Rackauckas countered that the courts have long played an important role in protecting consumers alongside regulators. Speaking in a courtroom down the block from the coroner’s office, he said that drug addiction was ravaging Orange County, claiming a life nearly every other day.
“The FDA is not going to help us with this,” Rackauckas said. “This is a plague on our society. The suffering goes on day in and day out.”
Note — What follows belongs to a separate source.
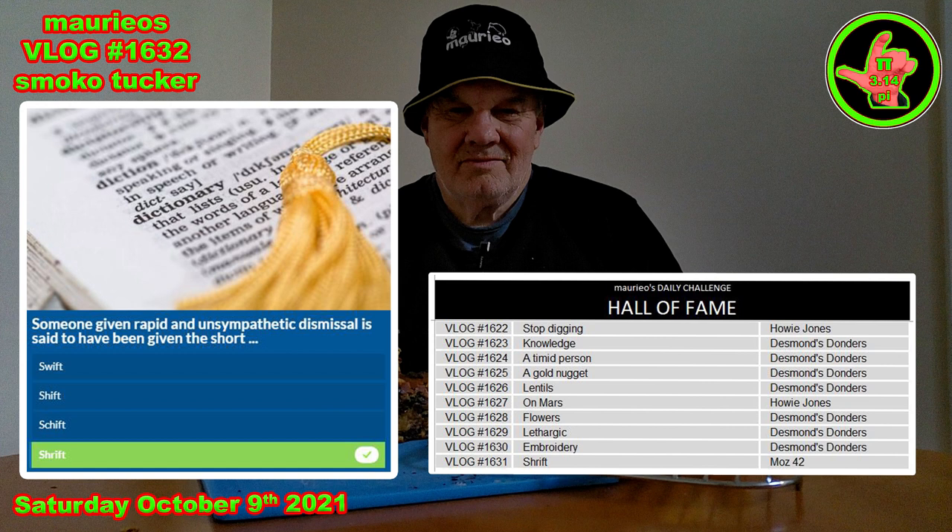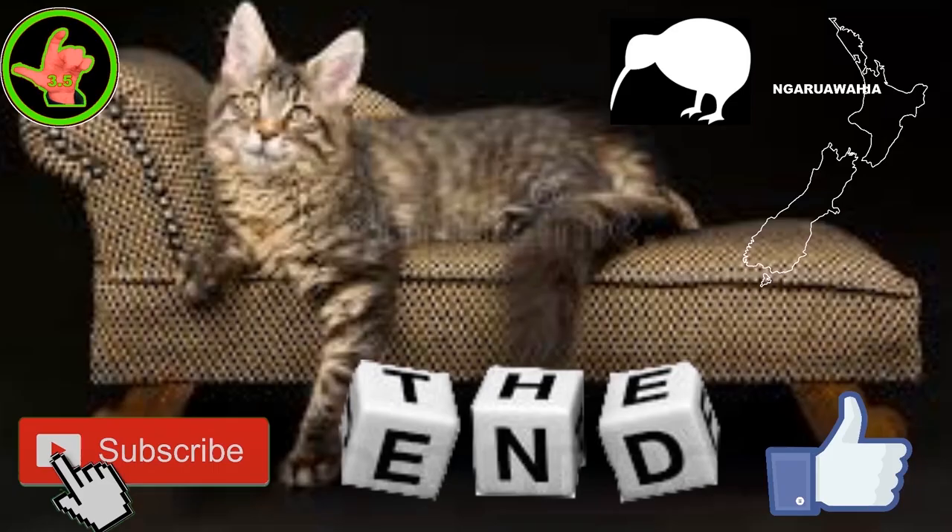In yesterday's comments it was Moz42 who knew all about the short shrift — bloody marvellous, so he gets his place on the hall of fame. Thanks to everybody for your support, you're all bloody marvellous. Still legit — this has been a Mario presentation recorded live in our studio at Narawahia, Aotearoa, New Zealand — the land of the long white cloud, place where kiwis live, a paradise we like to call God's own country.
Moss acknowledged the scope of the problem but sided with the drug companies — to a point. He said he would put the case on hold indefinitely to allow the FDA to complete a pending inquiry into the safety and efficacy of painkillers. He also said he would dismiss the suit as long as the drug makers agreed to allow the counties to revive it, without forfeiting any potential damages, once the FDA completes its work.
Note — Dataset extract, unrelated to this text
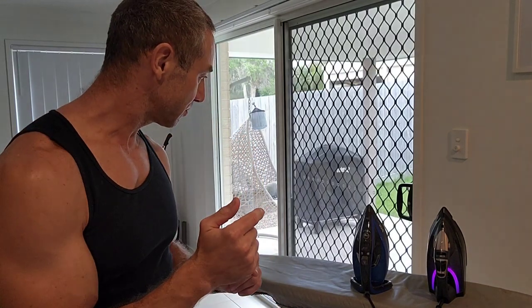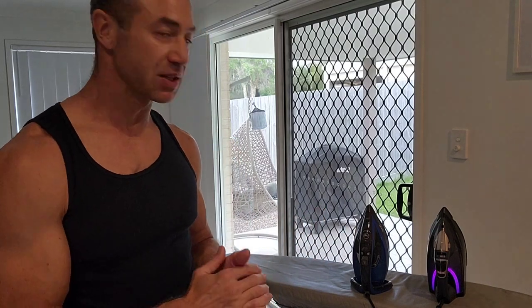That's my choice. Feel free to comment below if you've had a different experience with Russell Hobbs and Tefal. Thank you for watching — Greg from Brisbane, Australia, until next time.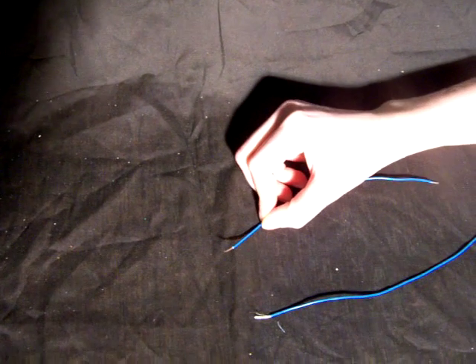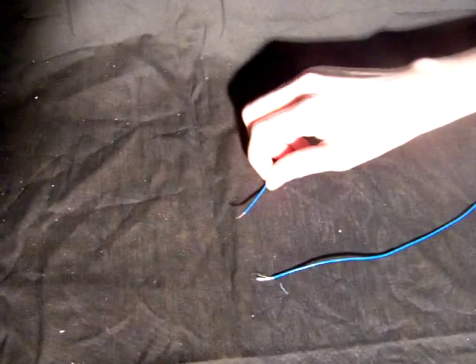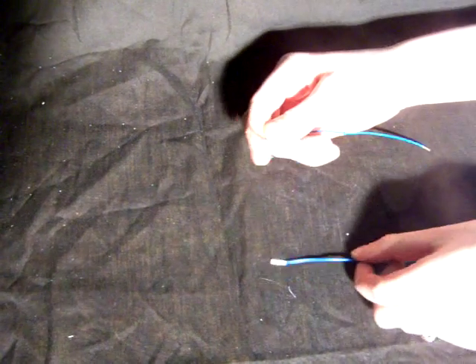You can attach two wires together without any additional equipment. Strip about half an inch of insulation from the ends of the wires you wish to join. Hold the wires side by side, then twist the wires together.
Rackauckas said he was disappointed and was considering an appeal.
In a statement, Purdue said: “We are pleased Judge Moss agreed that complex scientific issues regarding the treatment of chronic pain are best decided by the FDA, the agency with relevant expertise.”
The case by Orange and Santa Clara counties mirrors a suit filed against the same five companies last year by Chicago Mayor Rahm Emanuel. A third case pitting the state of Kentucky against a single company, OxyContin maker Purdue Pharma, is moving toward trial after years of legal maneuvering. Together, the legal attack on the narcotics industry recalls government efforts to force tobacco companies to pay for the death and disease caused by cigarettes.
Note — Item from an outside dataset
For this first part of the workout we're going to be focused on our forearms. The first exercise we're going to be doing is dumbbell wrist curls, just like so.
Moss’ ruling is the latest setback in this legal attack on the painkiller industry.
In May, a federal judge presiding over the Chicago case dismissed the claims against all of the companies except Purdue. The ruling allowed Chicago to file an amended suit, and, on Wednesday, the city took the opportunity to revive its case.
The amended suit adds claims and details, including the allegation that even as the painkiller epidemic exploded across the country, manufacturers increased efforts to persuade more doctors to prescribe more of their drugs. The companies spent $288 million on marketing in 2011, three times the 2000 amount, Chicago says in the new suit.
A Times investigation published in 2012 found that nearly half of the deaths involving prescription drugs in Southern California from 2006 through 2011 involved at least one drug prescribed by a doctor.
The Times identified 71 Southern California doctors, including several from Orange County, who prescribed drugs to three or more patients who fatally overdosed.